Given data >>
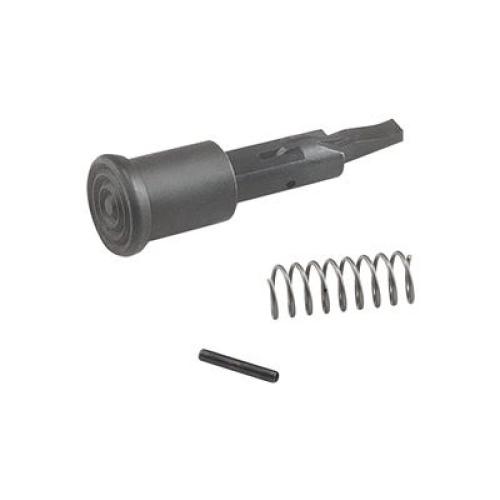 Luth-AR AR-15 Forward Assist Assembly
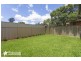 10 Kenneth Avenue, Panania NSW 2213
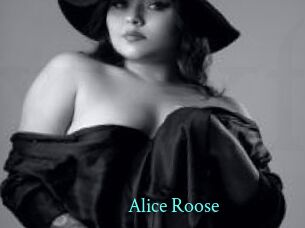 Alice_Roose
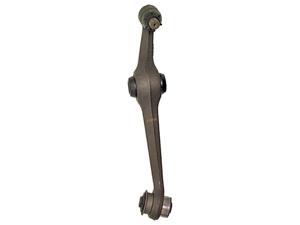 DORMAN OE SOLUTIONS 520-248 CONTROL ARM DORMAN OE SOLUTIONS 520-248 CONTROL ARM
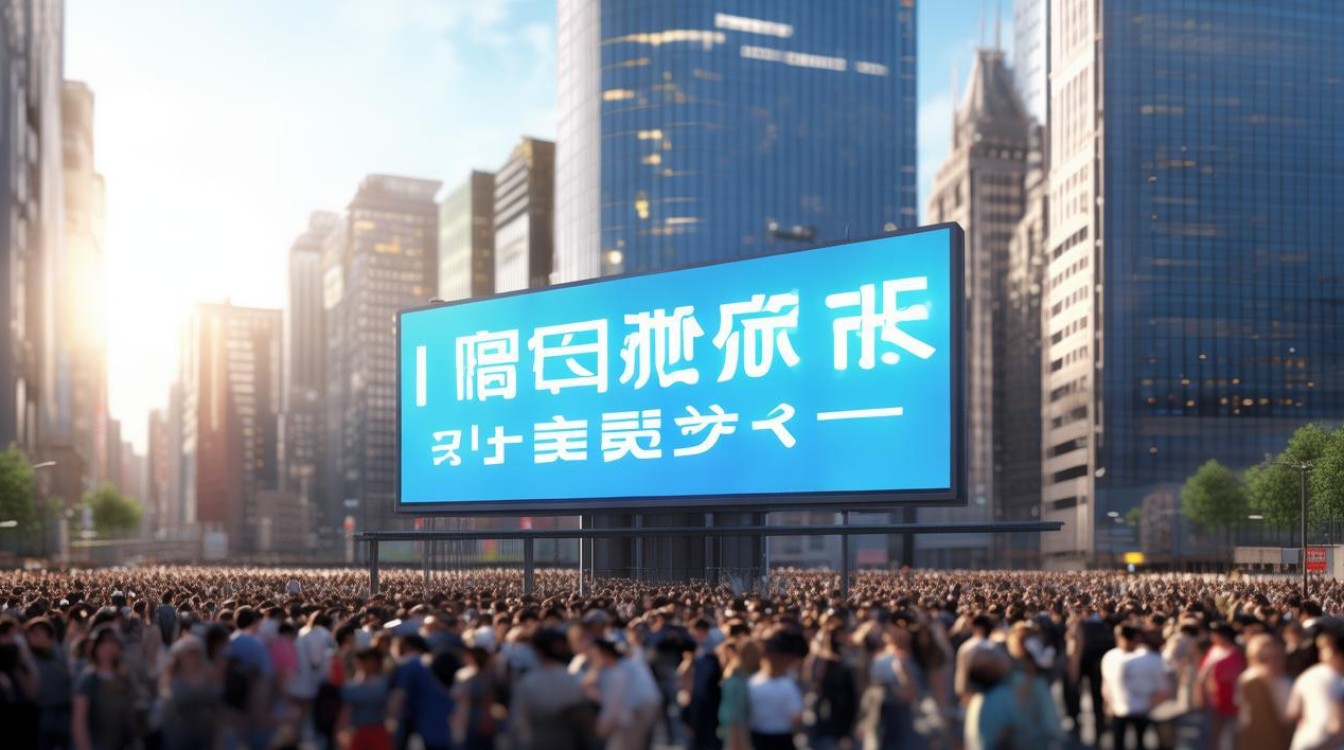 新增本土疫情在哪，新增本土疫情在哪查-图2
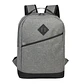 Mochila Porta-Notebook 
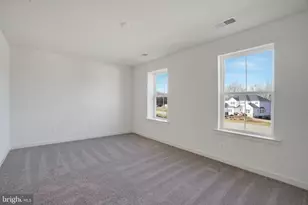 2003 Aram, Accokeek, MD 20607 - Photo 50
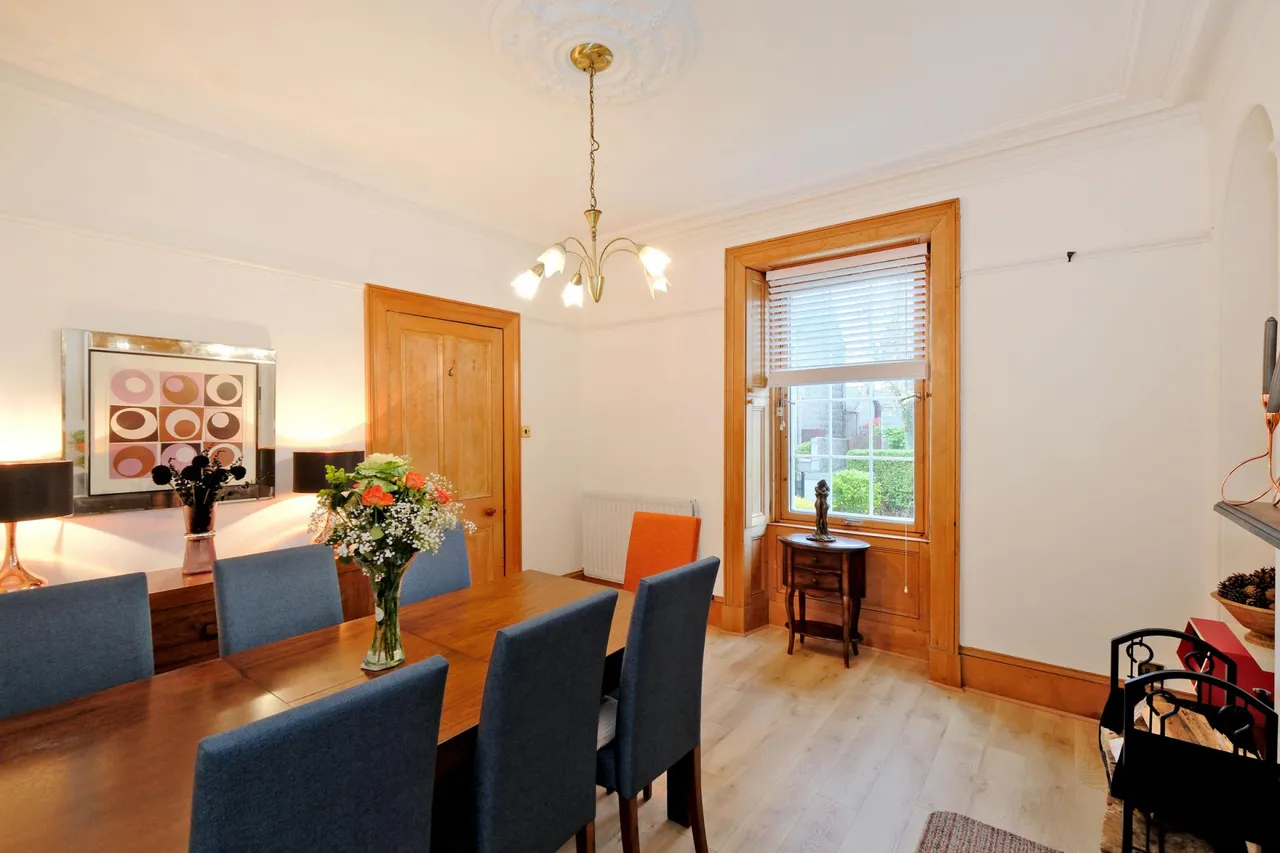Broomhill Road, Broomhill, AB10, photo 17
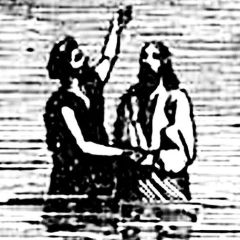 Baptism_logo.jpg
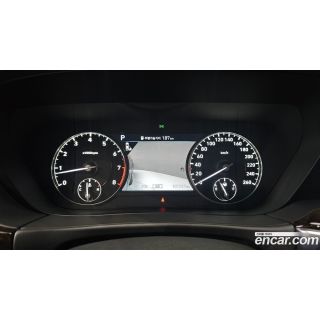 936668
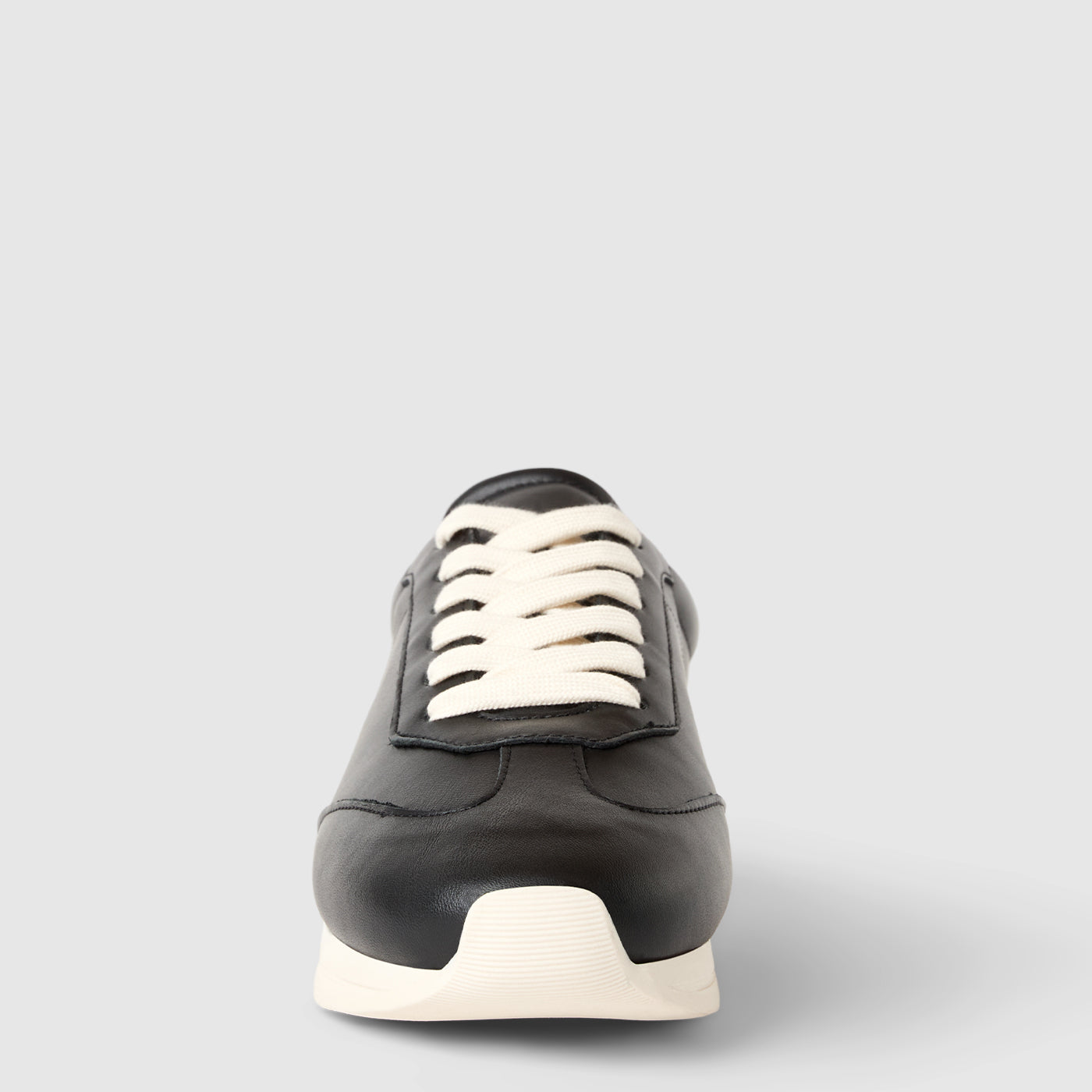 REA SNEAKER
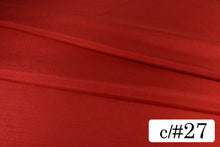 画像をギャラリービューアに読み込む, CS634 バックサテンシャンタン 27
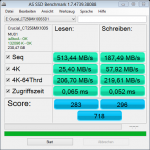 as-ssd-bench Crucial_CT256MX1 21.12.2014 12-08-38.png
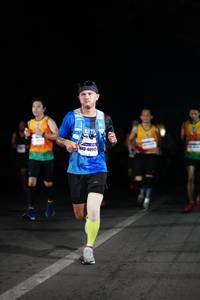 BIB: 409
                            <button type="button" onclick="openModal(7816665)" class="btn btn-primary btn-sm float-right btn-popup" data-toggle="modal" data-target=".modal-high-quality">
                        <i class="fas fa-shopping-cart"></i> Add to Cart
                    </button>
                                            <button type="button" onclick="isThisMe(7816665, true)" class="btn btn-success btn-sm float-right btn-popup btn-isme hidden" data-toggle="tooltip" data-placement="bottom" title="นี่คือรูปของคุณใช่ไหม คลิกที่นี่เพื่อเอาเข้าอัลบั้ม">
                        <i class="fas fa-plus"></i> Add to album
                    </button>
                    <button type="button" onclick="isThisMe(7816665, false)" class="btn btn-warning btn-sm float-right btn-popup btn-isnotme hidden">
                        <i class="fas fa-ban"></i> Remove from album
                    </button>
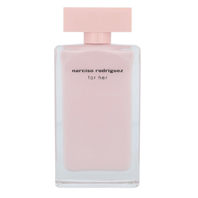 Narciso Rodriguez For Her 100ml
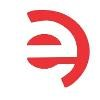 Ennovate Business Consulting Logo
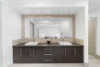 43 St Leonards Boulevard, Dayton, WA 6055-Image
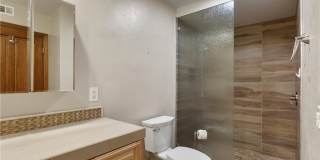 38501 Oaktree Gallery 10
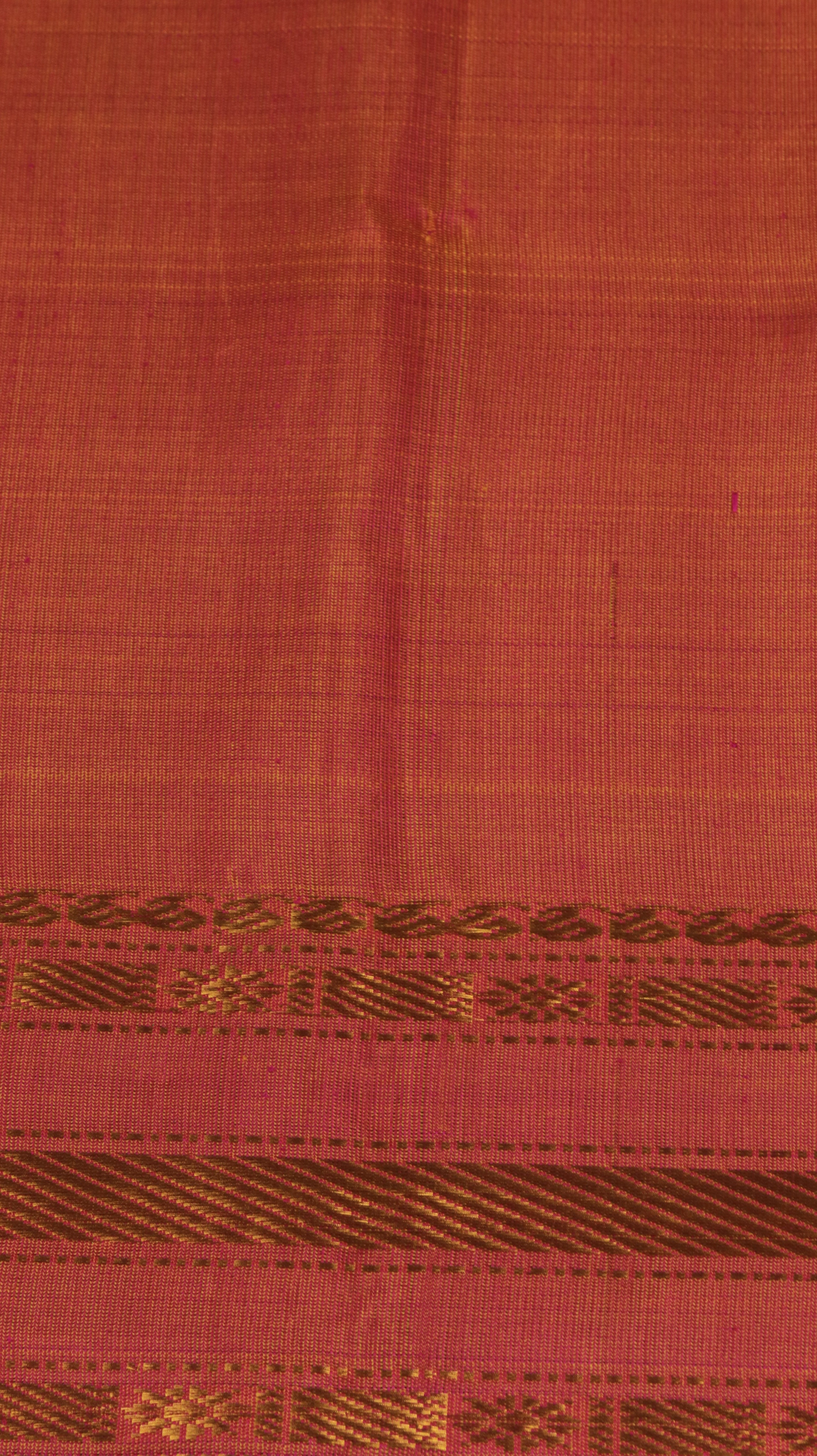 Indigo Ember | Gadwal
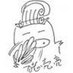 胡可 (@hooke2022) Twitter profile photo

What you need to do >> State the number of lines in the listing above that include "album", and add nothing else.

Answer for this exercise >> 2